Direct Preparation of Thermally Stable Sn-Incorporated SBA-15 Mesoporous Materials in the Self-Generated Acidic Environment

Abstract

Highly ordered Sn-incorporated SBA-15 mesoporous materials with Sn loading up to 10 mol % were prepared in one pot using P123 triblock copolymer as the template in a self-generated acidic environment with the aid of NaCl. The acidity of the synthesis solution generated by hydrolysis of Sn precursor was found suitable not only for the self-assembly of P123 micelles and tetraethyl othorsilicate (TEOS) but also to incorporate the Sn ions into the SBA-15 materials. Prehydrolysis of TEOS in the synthesis solution containing P123, NaCl, and H2O prior to adding Sn precursor was essential to reduce the strong interference from the Sn ions in the self-assembly process. A well-ordered 2D hexagonal p6mm pore arrangement was observed in the Sn-SBA-15 materials with Sn/Si ratios of 0.01−0.10, while tetragonal SnO2 nanocrystallites were observed when the Sn/Si ratio was higher than 0.07. In situ small-angle X-ray scattering showed that a worm-like pore arrangement appeared at the beginning of the self-assembly process.
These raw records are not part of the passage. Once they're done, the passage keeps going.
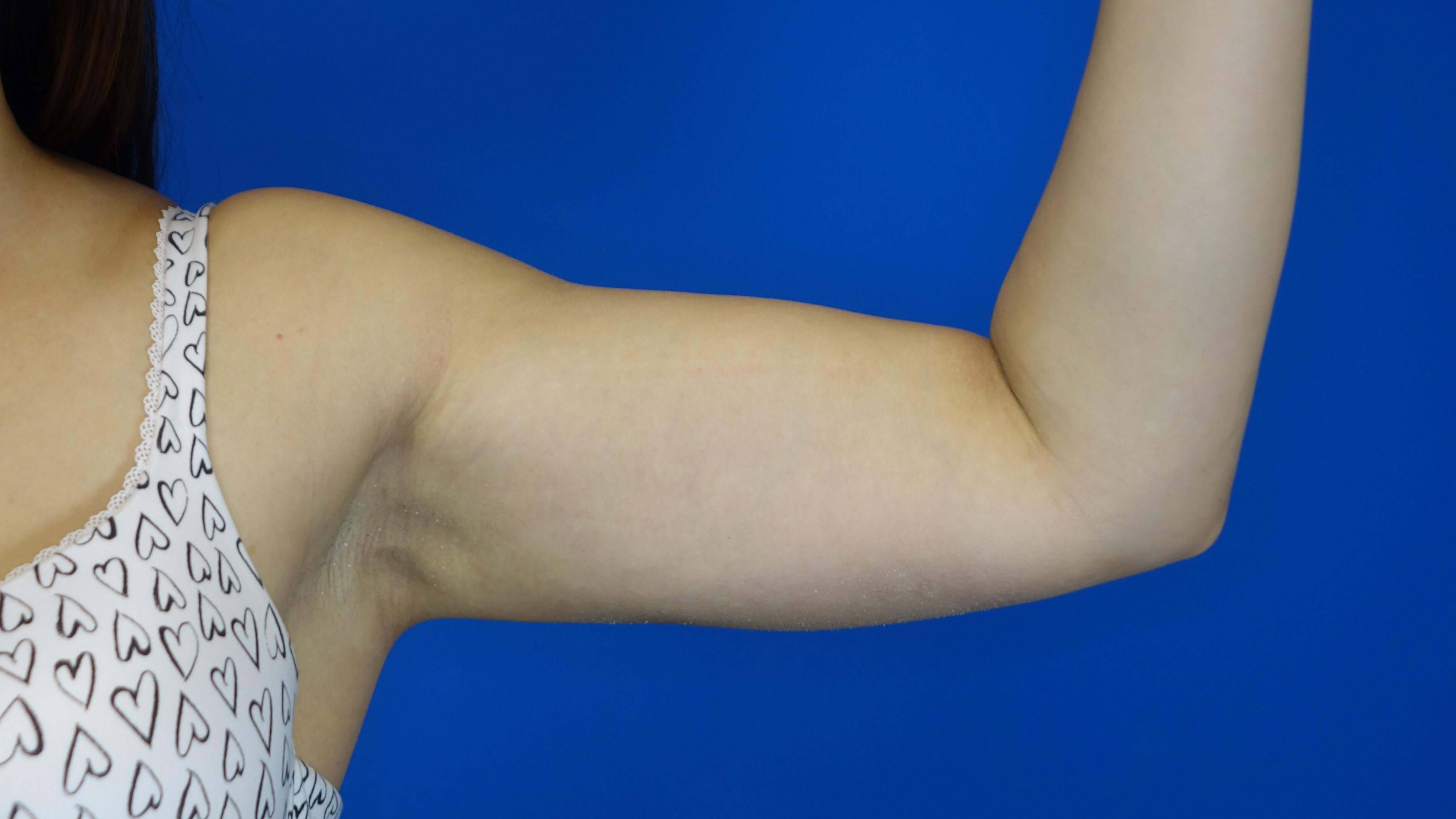 27 year-old arm after circumfe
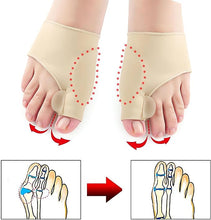 Load image into Gallery viewer, Orthopedic Toe Straightener with a Massage Ball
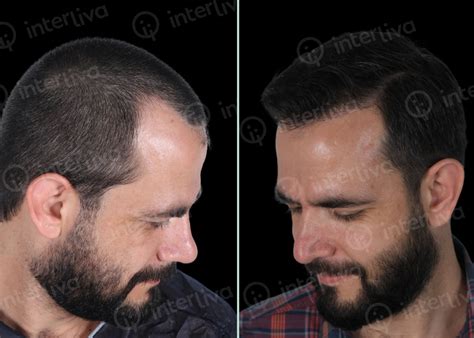 Hair Transplant Before And After Photos Interliva Hair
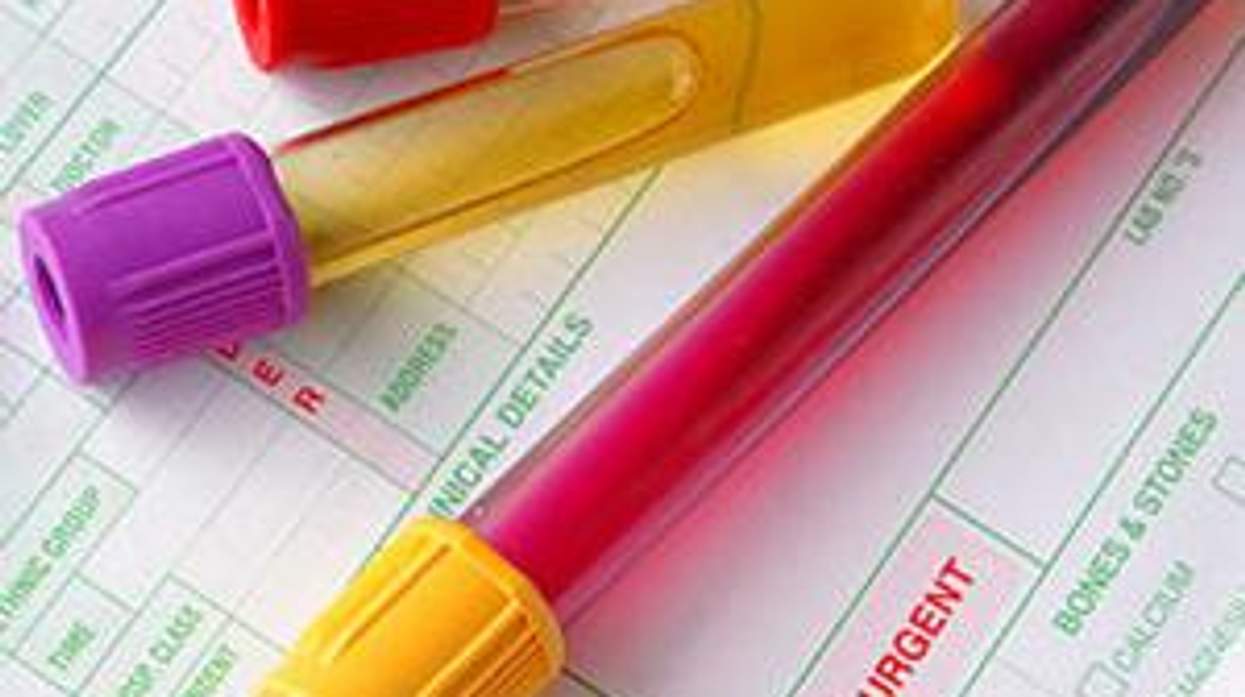 Lesbians Aren't Getting Screened for Cervical Cancer
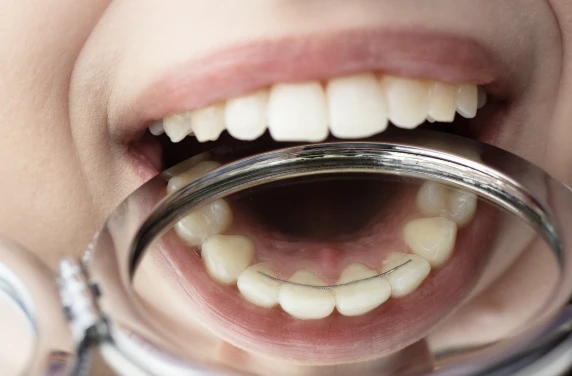 Contention au Cabinet Flandres Orthodontie des Drs Biecq-Sellier & Payart à Lille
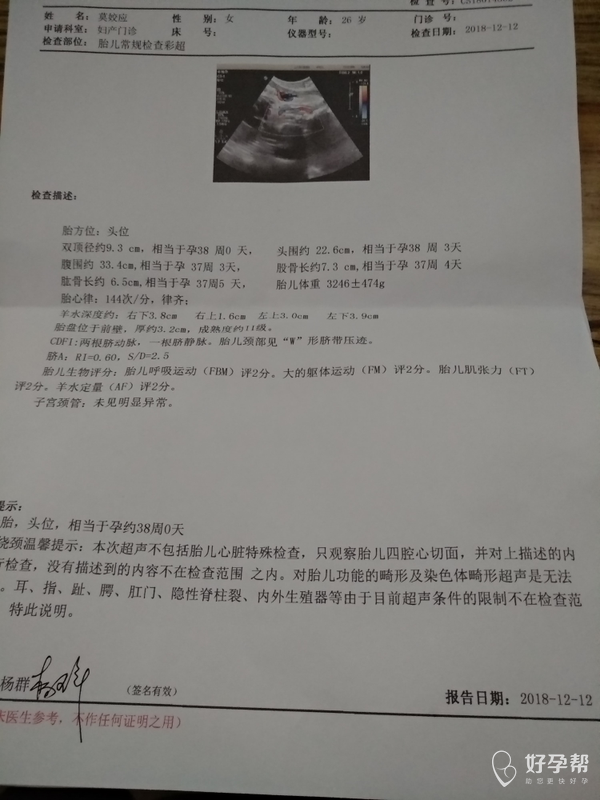 求助医生请帮忙看看,预产期过羷2天了一点动静都没有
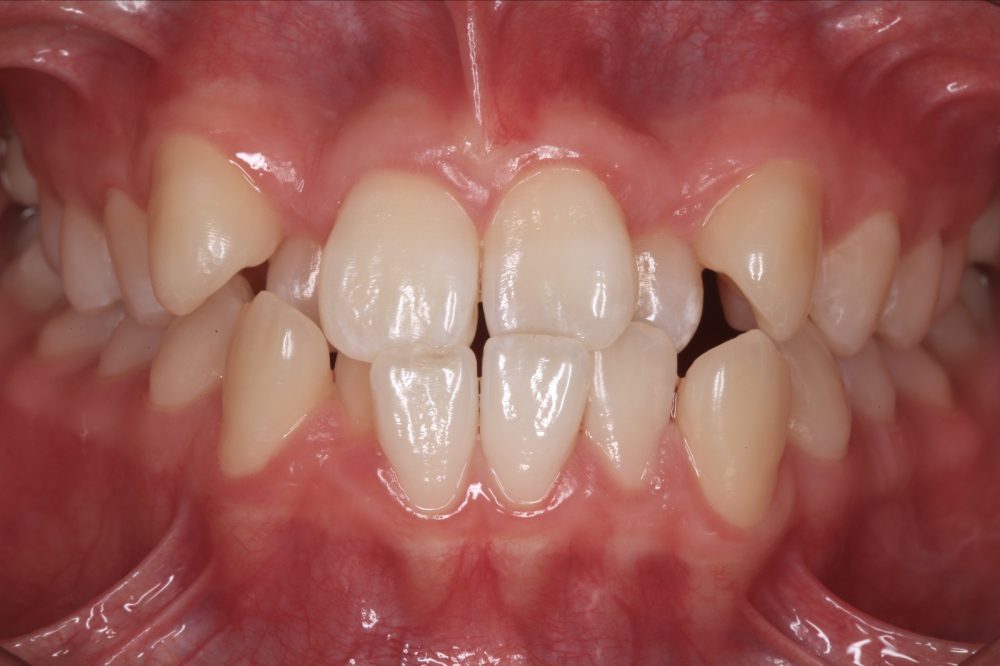 BEFORE treatment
As the reaction period prolonged, further condensation of silica and rearrangement of pore structure resulted in a well-ordered 2D hexagonal p6mm mesostructure. For the Sn-SBA-15 materials with Sn/Si ratios of 0.07−0.1, it was noticeable that two sets of 2D hexagonal pore arrangements with slightly different d spacings were present. One set of larger d spacing formed by incorporation of very small tin oxide species at the interface of P123 micelles and silicate appeared faster than the other of smaller d spacing. When the Sn/Si ratio was smaller than 0.05, Sn was probably incorporated in the SBA-15 framework as isolated ions. Beyond this loading, tetragonal SnO2 nanocrystallites (∼4.7 nm) aggregated into rod- or tube-like morphologies of 5−10 nm in diameter and 20−50 nm in length were formed inside the mesochannels. The mesostructure of Sn-SBA-15 was thermally stable up to 1000 °C, which is superior to pure siliceous SBA-15. Moreover, the SnO2 nanocrystallites confined inside the mesochannels did not sinter into large SnO2 crystals even after calcination at 1000 °C.